- Reducing the headcount by approximately 55%, or approximately 160 positions, with over 80% of the reduction completed in early January 2020.
- Restructuring and other cost-saving efforts will result in savings of $130 to $140 million in 2020 compared with the Company’s most recent guidance for 2019 operating expenses excluding the cost of goods sold.
- The Company expects to book separation and contract termination fees in the fourth quarter of 2019. Further details will be unveiled during its third-quarter 2019 financial results webcast and conference call on Tuesday, November 12, 2019.
- Halozyme’s Board of Directors has authorized the initiation of a capital return program to repurchase up to $350 million of the Company’s outstanding common stock over the next three years. The timing of share repurchases and the number of shares of common stock that are repurchased will depend on market conditions and other factors. Repurchases may be commenced or suspended at any time or from time-to-time at the Company’s discretion without prior notice.
- Halozyme anticipates becoming a sustainably profitable company beginning in the second quarter of 2020.
- Annualized operating expenses excluding cost of goods sold of between $65 million and $75 million will be achieved by the fourth quarter of 2020.
- The go-forward organization will comprise approximately 120 employees focused on driving the continued growth of ENHANZE®, specifically in areas that are critical to supporting partners such as manufacturing, quality, regulatory and product development.
- An additional 12 employees will continue promoting the Company’s commercial drug Hylenex®.
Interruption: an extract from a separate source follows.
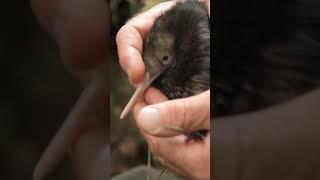 5 MORE Kiwi Bird FACTS  #shorts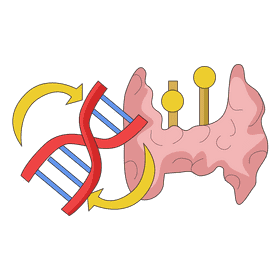 Thyroid reproduces cell control clipart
As a matter of fact, Halozyme’s ENHANZE® business continues to grow with three commercial products and 11 products currently in clinical trials. The Company will provide a more detailed update for its ENHANZE® business during its third quarter financial results webcast and conference call.
Dr. Helen Torley, President and CEO of Halozyme, said, “Our mission now is to transition our strategy to focus on our high-growth, high-margin ENHANZE® drug delivery technology platform. Our ENHANZE® business is well-positioned for this growth, supported by strong partnerships with leading brands and a promising development pipeline. As a result, Halozyme now has a clear path to near-term, sustainable profitability with strong cash flows and high growth prospects. In addition, our share repurchase program reflects our continued commitment to creating value for our shareholders and to implementing a capital return philosophy aligned with our new company profile.”
We love Halozyme Therapeutics as a biotechnology firm that was creating value-driving partnerships with leading pharmaceutical companies including: Roche, Baxalta, Pfizer, Janssen, AbbVie, Lilly, Bristol-Myers Squibb, Alexion and others – all seeking the use of its ENHANZE® drug delivery technology.
It was painful, though, to see Halozyme spend the money generated by ENHANZE® licensing, in addition to much more money, on developing an oncology product that didn’t happened to work better on pancreatic cancer which is extremely difficult to conquer.
We like the firm’s plans as we believe in its reform promises, its saving decisions and its financial projections.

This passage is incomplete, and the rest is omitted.